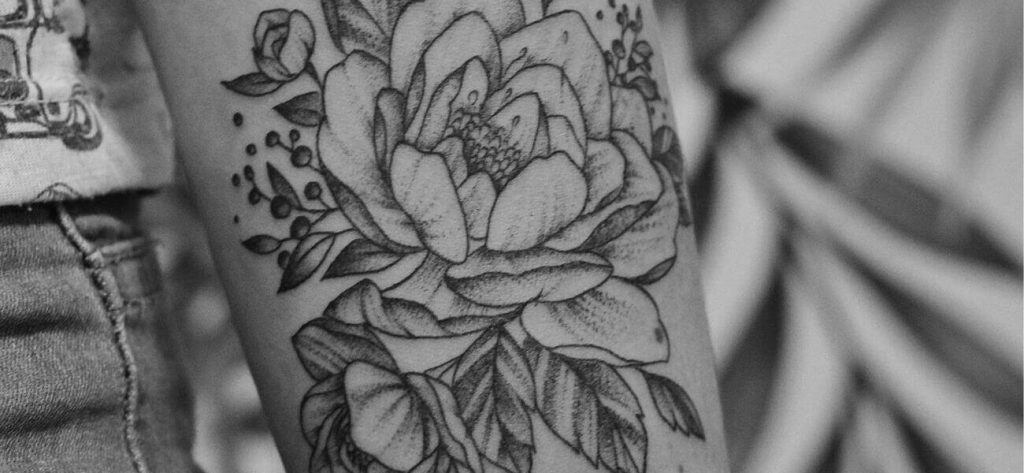 Fjernelse af tatovering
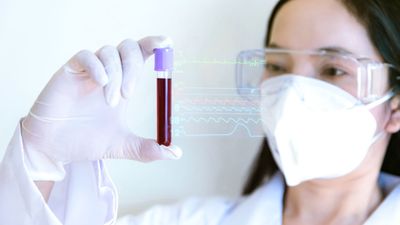 With ALYZE, Pro Athletes Are Taking Their Care Into Their Own Hands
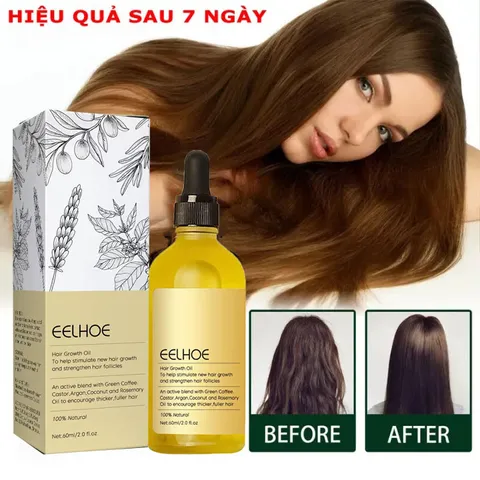 Serum mọc tóc tinh dầu mọc tóc Tinh chất mọc tóc Tinh Chất Chống Rụng Tóc Kích thích tóc mọc nhanh và giảm rụng tóc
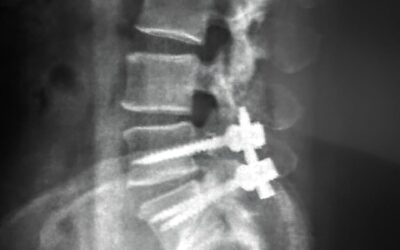 Paciente con inestabilidad lumbar L5 – S1 con hernia extruida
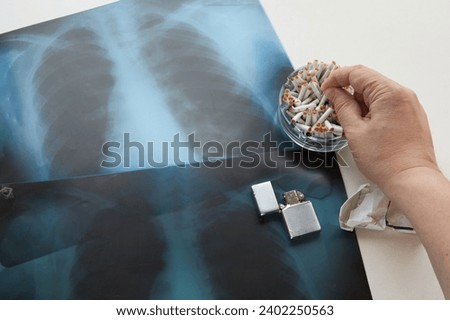 Hand of smoker extinguishes cigarette butt in ashtray full of cigarette butts, with x-ray of lungs in the background. Cigarette and nicotine addiction, lung diseases in smokers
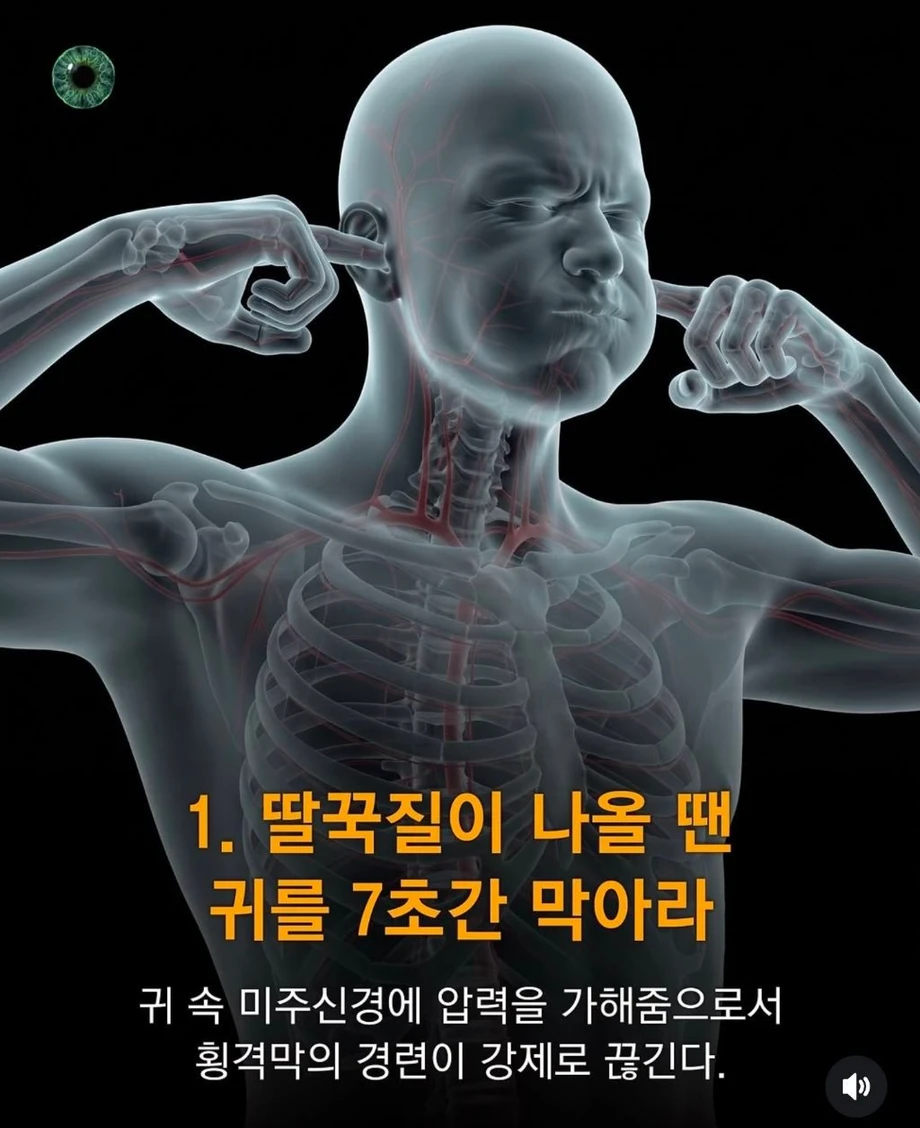 생활속 육신의 응급상황 대처법.jpg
++++++++++
• Task goal: Starting at the first entry above and ending at the last, write everything out exactly except the pictures.

• Result for this exercise:
 Fjernelse af tatovering
 With ALYZE, Pro Athletes Are Taking Their Care Into Their Own Hands
 Serum mọc tóc tinh dầu mọc tóc Tinh chất mọc tóc Tinh Chất Chống Rụng Tóc Kích thích tóc mọc nhanh và giảm rụng tóc
 Paciente con inestabilidad lumbar L5 – S1 con hernia extruida
 Hand of smoker extinguishes cigarette butt in ashtray full of cigarette butts, with x-ray of lungs in the background. Cigarette and nicotine addiction, lung diseases in smokers
 생활속 육신의 응급상황 대처법.jpg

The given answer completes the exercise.